Hi @Emily_Yu,
Welcome to the :qiime2: forum!
I think the classic source from this is Numerical Ecology by Legrande and Legrande. I think it's like chapter 9, but I'm not sure off the top of my head. I just went hunting for GustaMe, which is another excellent resource, but doesn't seem to be online right now.
There are two terms that we use which are very similar:
- Principal Components Analysis - PCA
- Principal Coordinates Analysis - PCoA
From a general perspective, you can think of PCA as a special case of PCoA, although the steps are a little different.
In Principal Components Analysis, we:
- Start with a table of features (or transformed table)
- Calculate the euclidean distance between the features (for those paying attention, Aitchison = euclidean distance on CLR-transformed data)
- Use an eigenvalue based ordination to project the distances into lower dimension space (this is a lot of linear algebra that's slightly over my head, TBH)
- Use the known transform to place the features intot he same space (optional)
- Show off your shiny new PCA and evaluate similiarity
In Principal Coordinates analyusis, we:
- Start iwth a distance matrix. These can be any distances you want (and occasionally a dissimilarity). Bray Curtis, unweighted UniFrac, Aitchison, Jensen-Shannon, it doesn't care. Got a metric that compares two samples on the basis of their favorite musical genre ?
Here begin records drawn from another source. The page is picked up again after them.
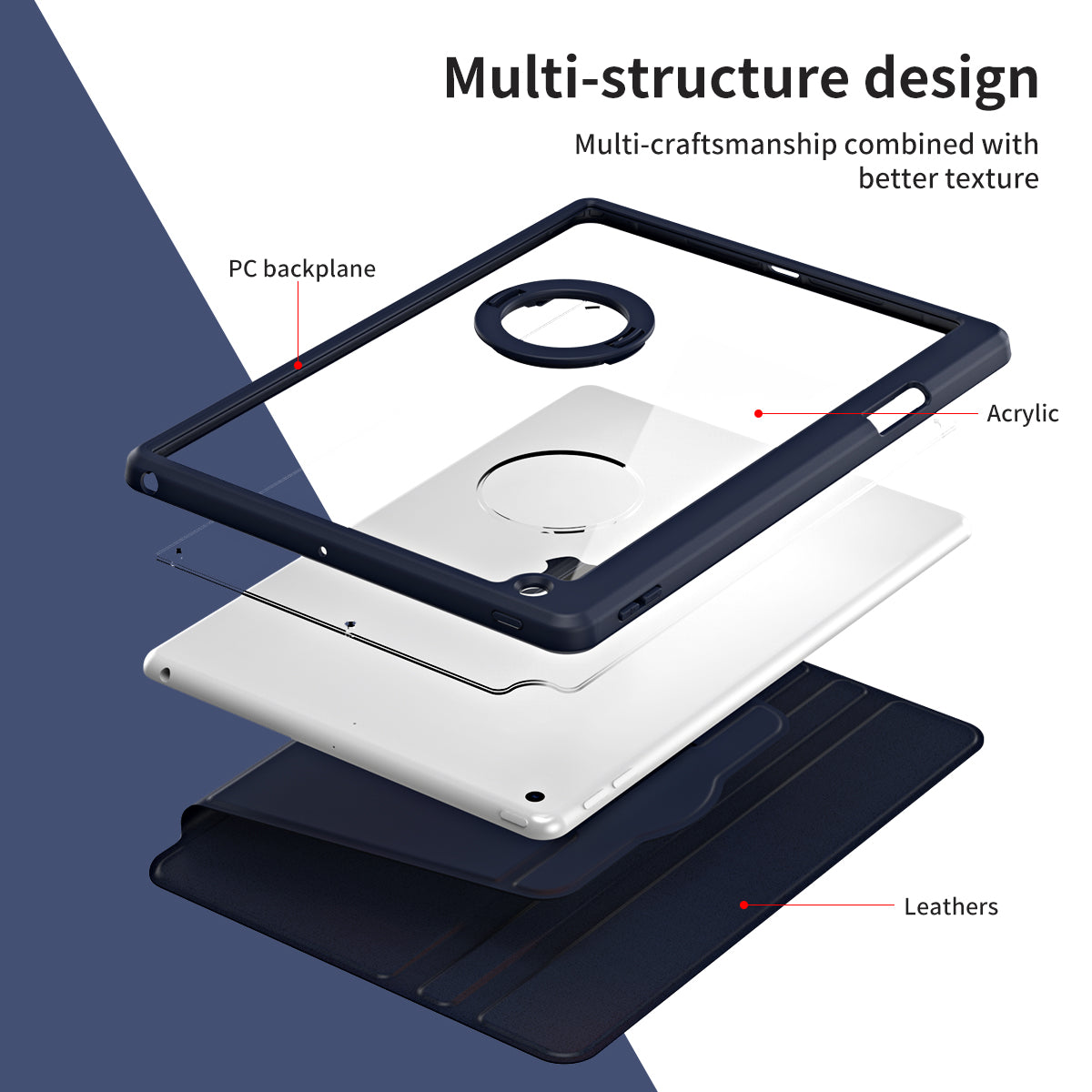 For iPad 10.2 (2021) / (2019) / (2020) Anti-Drop Tablet Case Rotating Stand PU Leather TPU Cover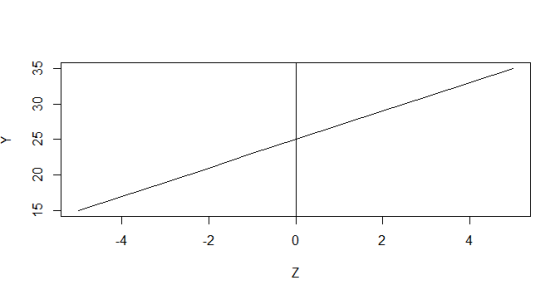 4 2 2 -4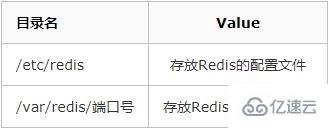 如何在CentOS中安装Redis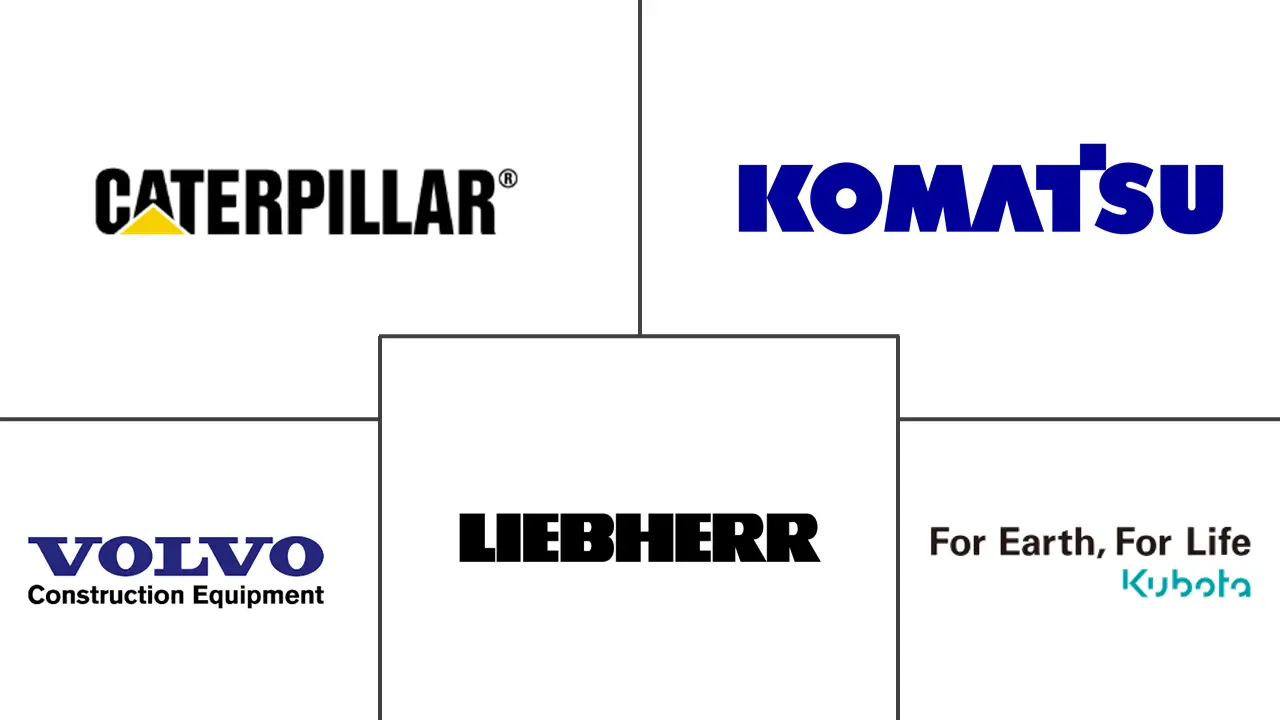 瑞典建筑设备市场规模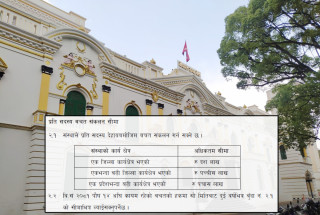 सहकारीहरुका लागि राष्ट्र बैंकले जारी गर्यो निर्देशन, कार्यक्षेत्र अनुसार व्यक्तिगत बचतको सीमा कायमै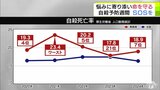 【青森県】2024年の1年間で219人が自殺 自殺死亡率は2年ぶりに増加 「受け止めようとしている人がいることを伝えたい」悩み抱える人に寄り添う“いのちの電話”相談窓口の現場は…【自殺予防週間】|TBS NEWS DIG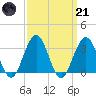 Brigantine Channel tide chart for Tuesday, March 21, 2023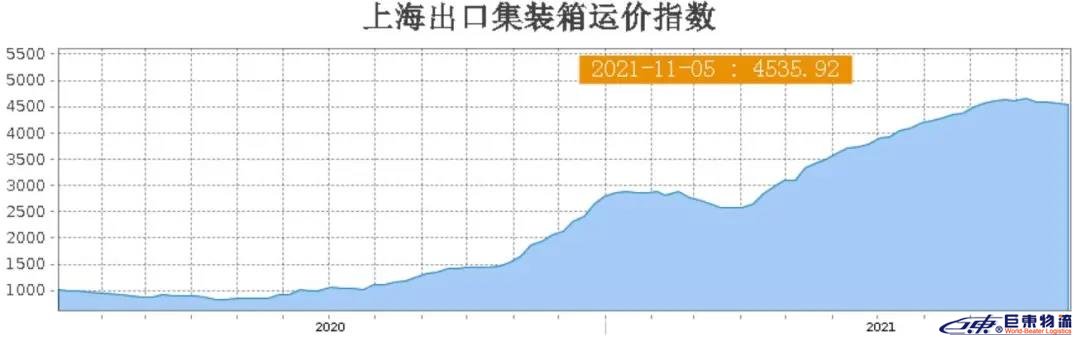海運費一天一價，不敢接單！航線運價保持高位徘徊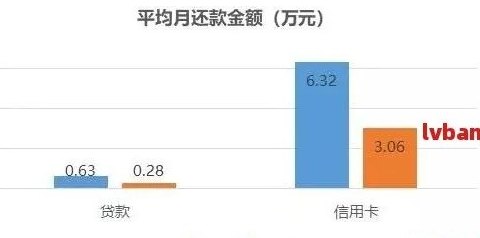 信用贷款最多可以分多少期还款：揭示贷款期限的秘密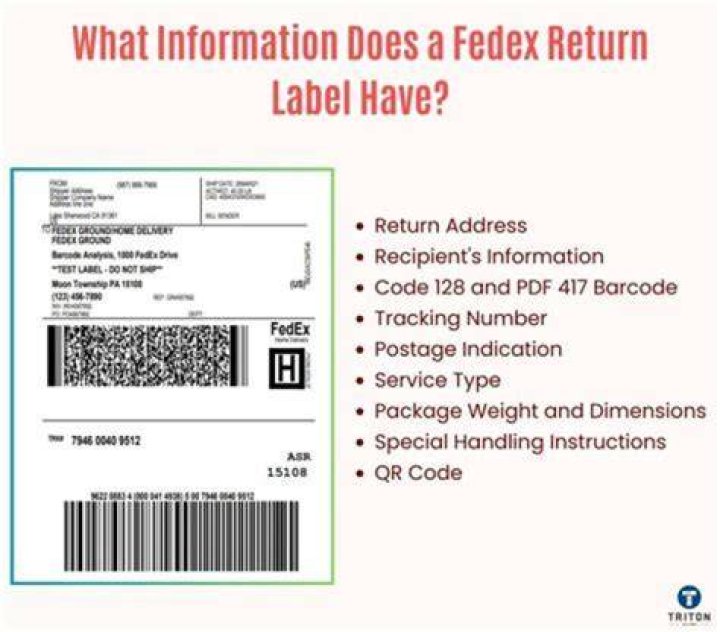 What happens to my return once i e-file?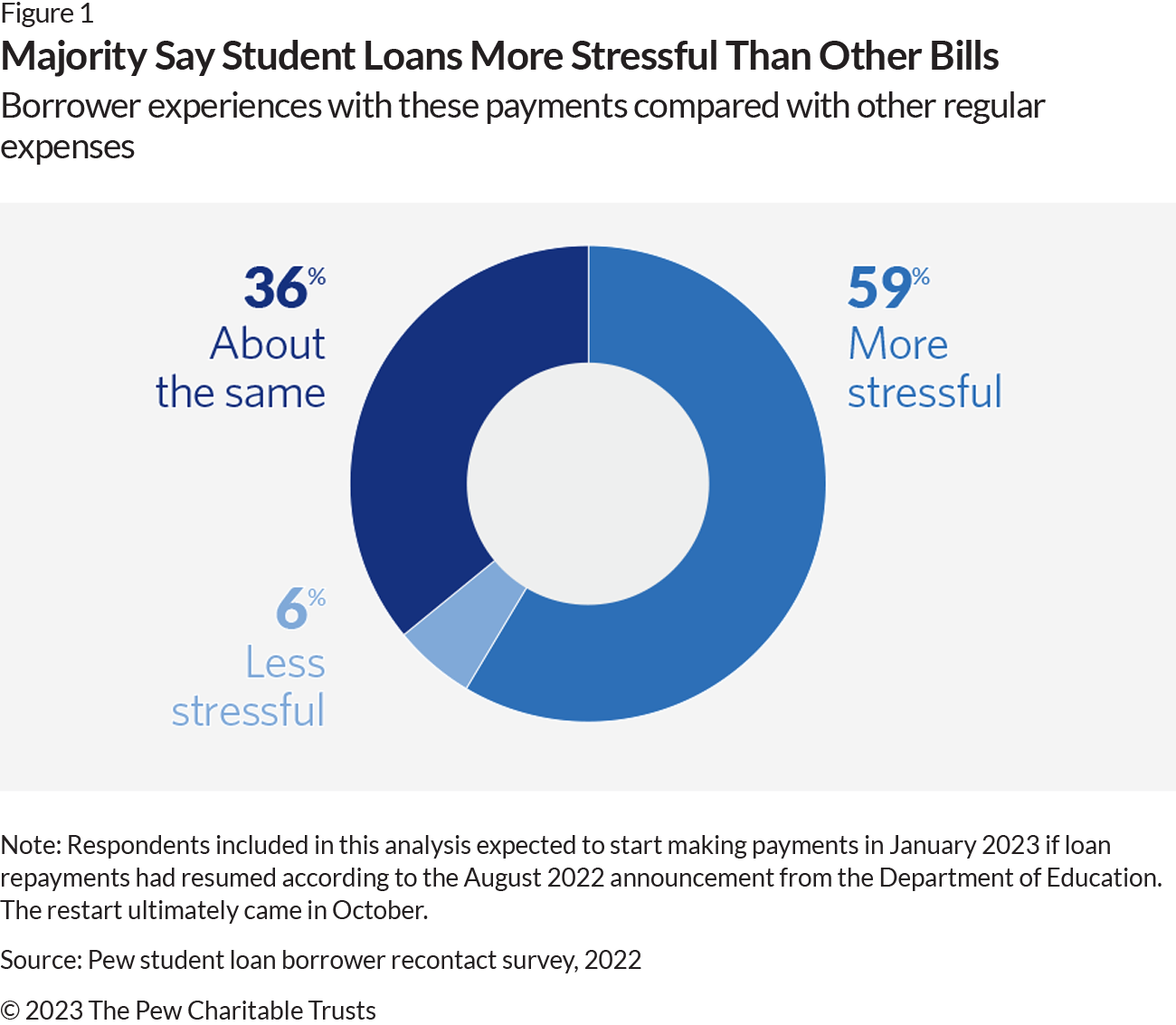 Majority Say Student Loans More Stressful Than Other Bills: Borrower experience with these payments compared with other regular expenses: 59% More stressful, 36% About the same, and 6% Less stressful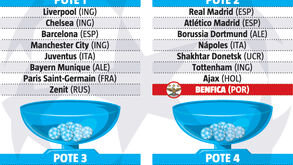 Os potes do sorteio da Liga dos Campeões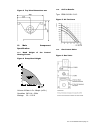 Installation & User's Instructions - (page 13)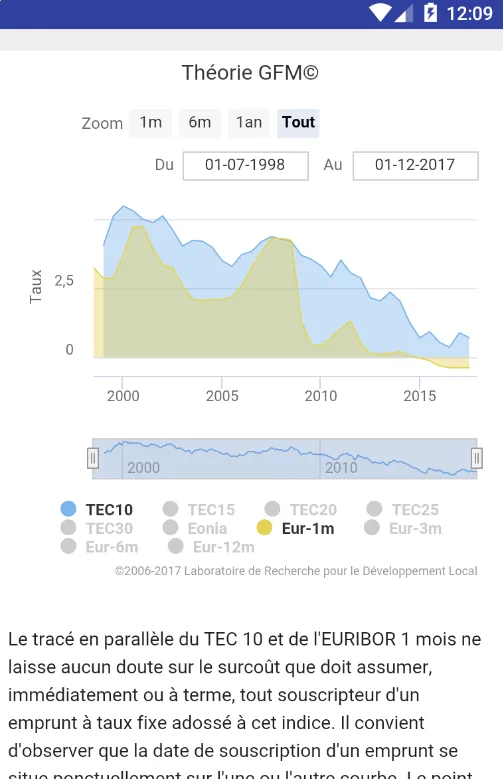 Observatoire des taux | Indus Appstore | Screenshot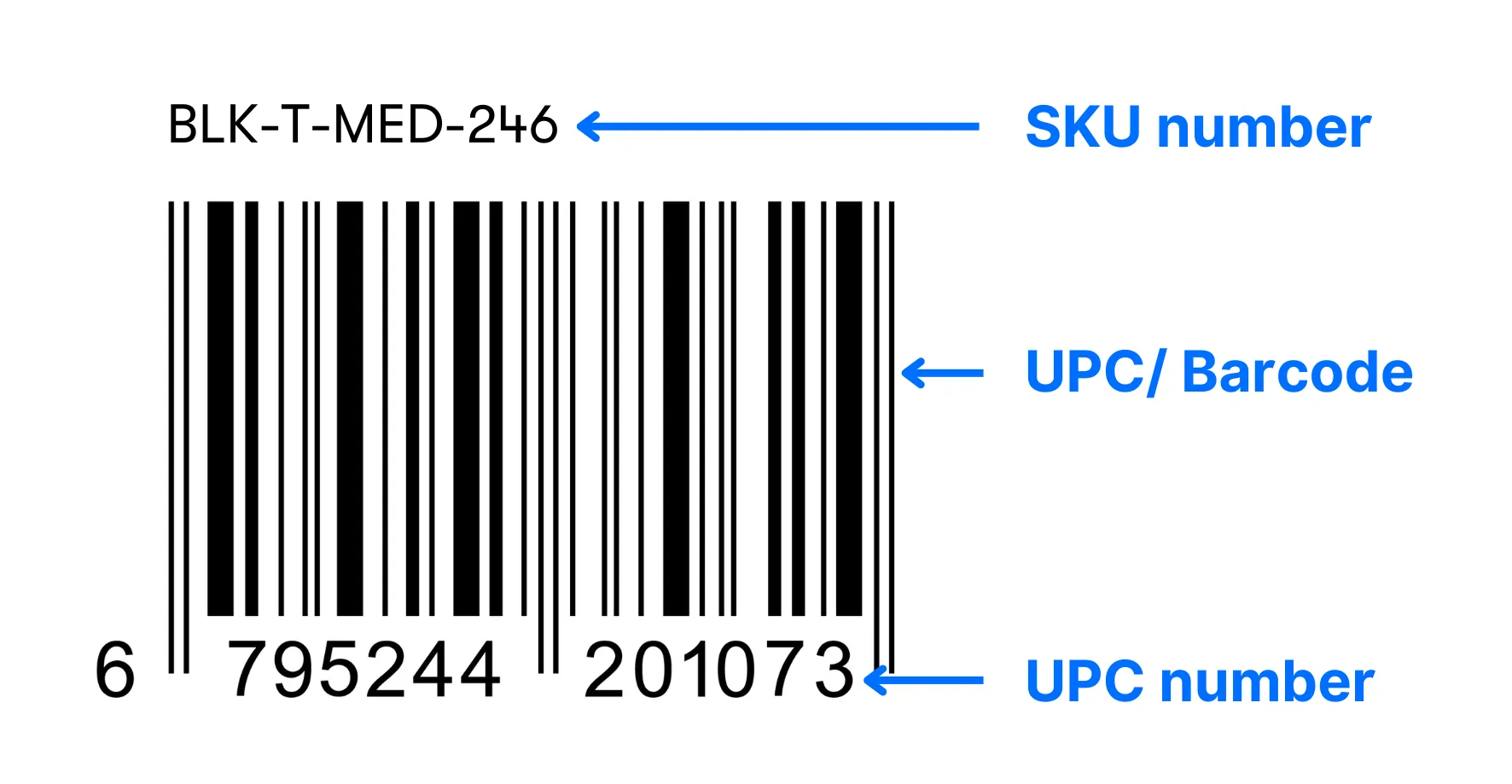 SKU example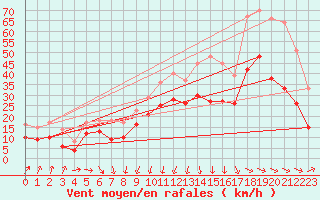 Courbe de la force du vent pour Dunkerque (59)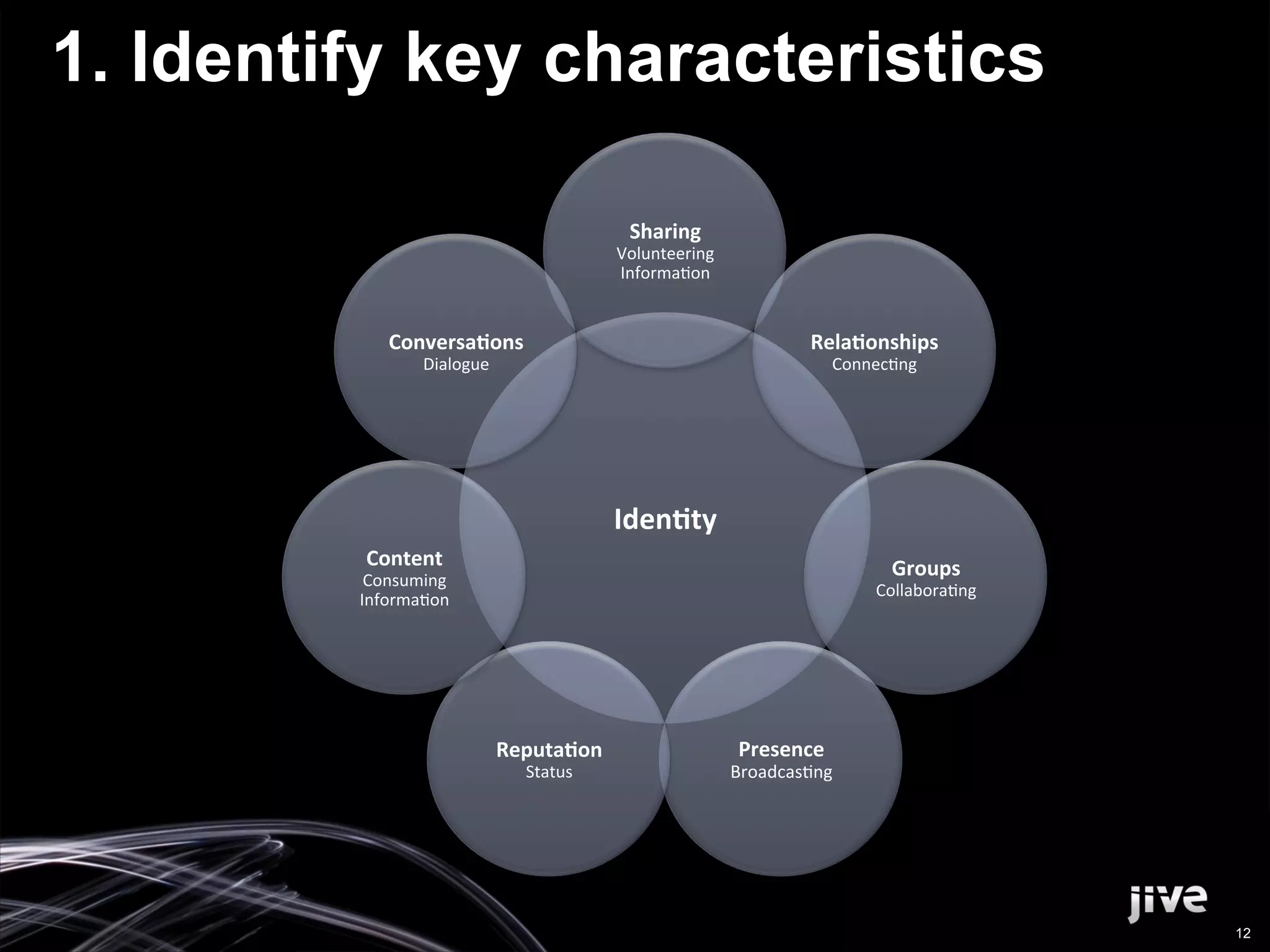1. Identify key characteristics

                                                   Sharing	
  
                                                 Volunteering	
  
                                                 Informa'on	
  


             Conversa7ons	
                                                    Rela7onships	
  
                  Dialogue	
                                                      Connec'ng	
  




                                                 Iden7ty	
  
         Content	
                                                                        Groups	
  
          Consuming	
  
                                                                                        Collabora'ng	
  
         Informa'on	
  




                                 Reputa7on	
                         Presence	
  
                                    Status	
                        Broadcas'ng	
  




                                                                                                           12
 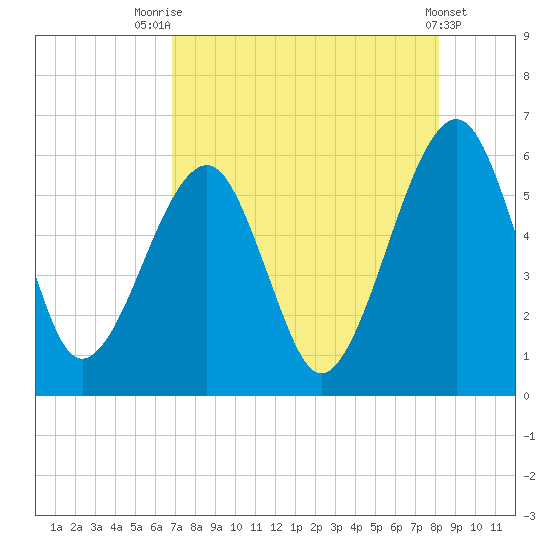 Chester tide chart for Monday, August 14, 2023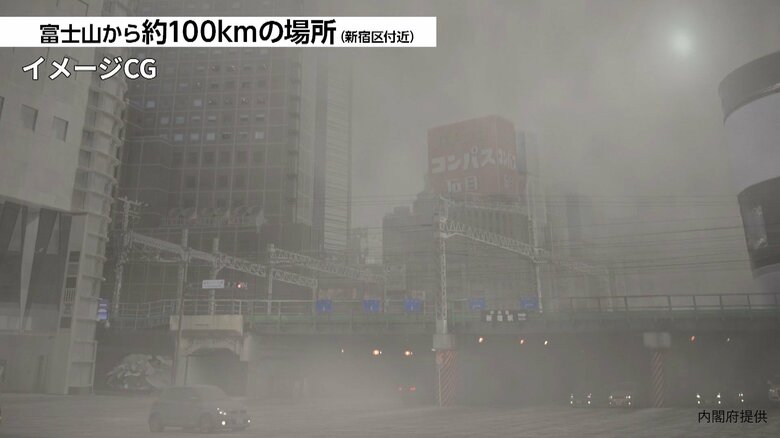 “富士山噴火”から2日後に東京・新宿も火山灰5cm以上…被害想定CG映像を初公開　内閣府「普段から食料品など備蓄を」｜FNNプライムオンライン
- Use an eigenvalue based ordination to project the distances into low dimensional space
- Show off your shiny new PCoA and evaluate similarity
There are a few points of comparison
PCA | PCoA | |
---|---|---|
Input | feature table | distance matrix |
distance used | Euclidean only | any distance you want |
clusters based on metadata | No | No |
uses eigenvalues | Yes | Yes |
can automagically map features into a biplot | Yes | No |
Best,
Justine